Extended methods are available in the Supplementary Materials, including feature selection, data preprocessing, and classifier construction. We have deliberately moved the full method description to the Supplementary Materials
We have added some brief notes to the main text methods that may help the reader better understand our pipeline.
More specifically,

• "BloodAge is a deep neural network that was trained to approximate continuous chronological age based on a vector of up to 46 blood biochemical parameters and donor's sex. Its output, compared to the patient's chronological age, represents the intensity of the aging-related changes in a person, compared to their age peers. Higher than chronological age BloodAge values indicate the accelerated pace of aging, while lower -- indicate decelerated aging. (See Supplementary Materials p1)" (Section 2.2);
• "The survival model was an instance of Cox Proportional Hazards (CPH) implemented with lifelines v0.23.9 for Python. CPH models treat available features as independent risk factors and quantify the probability of an event happening by time t as:..." (Section 2.3)
• "C-index was defined as the number of pair comparisons in which the model guessed the longer survivor right based on their expected survival time, relative to the total number of all pairwise comparisons." (Section 2.3)
  "Only the variables present in the final survival model were tested." (Section 2.4)
• "Sensitivity was defined as the number of true positive predictions relative to all positive samples, while specificity -- as the number of true negative predictions relative to all negative predictions." (Section 2.5)

 Why not using competing risk analysis?

Our records do not contain information on the cause of death. Thus, we could not define the competing events and implement this method.

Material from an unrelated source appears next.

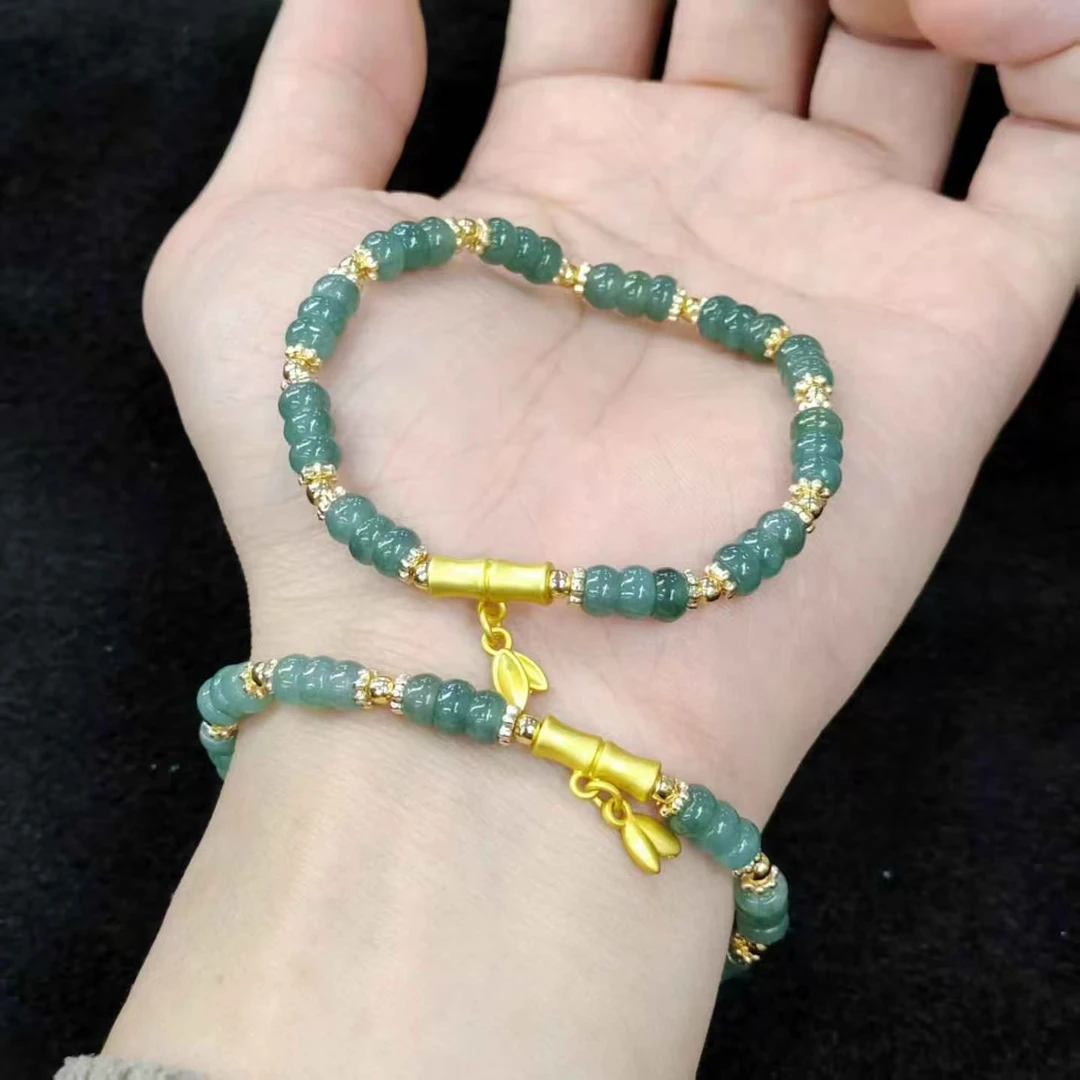 【老三珠宝】翡翠DIY单圈手串GS【多样性发其一】约5mm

How did you develop the score?

We have included an Excel spreadsheet describing in detail the method briefly outlined in Section 2.6
It lets the reader check how the score will change in response to changing the constants we used.
It also has thirteen mock cases and illustrates how the score translates to the expected time-to-death produced by the CPH model itself.
We have also deployed the alpha version of the COVID risk score at this web address http://44.192.29.144:9028/
You may enter all the values in our model and receive the score itself, the expected TTD, and the survival probability plot.

Please, include a background in the abstract, specifying the rationale to carry out the study.
Missing information in the abstract: all the methods. The authors have indicated their results at the beginning. Please, read the international standards to report an abstract for an observational study (STROBE).

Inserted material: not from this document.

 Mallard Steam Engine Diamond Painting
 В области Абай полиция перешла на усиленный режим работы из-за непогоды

We have reworked the abstract. Having read the STROBE checklist we added the Limitations sections and a new paragraph to the Introduction containing our hypotheses.

We have also corrected some minor grammatical errors in the text.

We hope that these changes to the manuscript answer your questions in full and we can proceed with the review.

Sincerely,
Fedor Galkin

Reviewer 2 Report

Galkin et al. provide an interesting study of COVID-19 and a combination of BloodAge, Age and Risk Factor.

The study is well performed, the results are clear.

It could be accepted after minor revision.

Author Response

Dear Reviewer 2,

We are happy to hear that our manuscript only requires minor revision.

We have corrected the minor language issues you have pointed us towards.

We have also added the Limitations section and included an online COVID risk score calculator you can test here: http://44.192.29.144:9028/

Sincerely yours,
Fedor Galkin

Round 2

Reviewer 1 Report

All my concerns have been correctly addressed, therefore I recommend the publication of this paper in Life.